─── SOURCE DATA

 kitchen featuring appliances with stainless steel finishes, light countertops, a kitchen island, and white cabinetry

──────
─── SOURCE DATA

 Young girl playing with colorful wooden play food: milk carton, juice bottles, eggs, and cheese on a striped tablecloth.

──────
─── SOURCE DATA

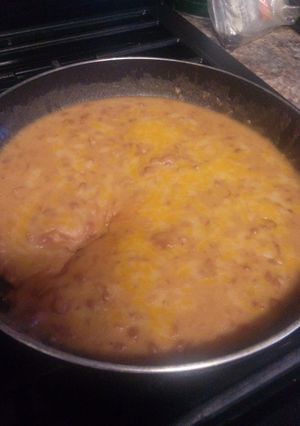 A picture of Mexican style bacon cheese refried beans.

──────

Check the entries above for the word "with" and copy every line where it turns up.

 kitchen featuring appliances with stainless steel finishes, light countertops, a kitchen island, and white cabinetry
 Young girl playing with colorful wooden play food: milk carton, juice bottles, eggs, and cheese on a striped tablecloth.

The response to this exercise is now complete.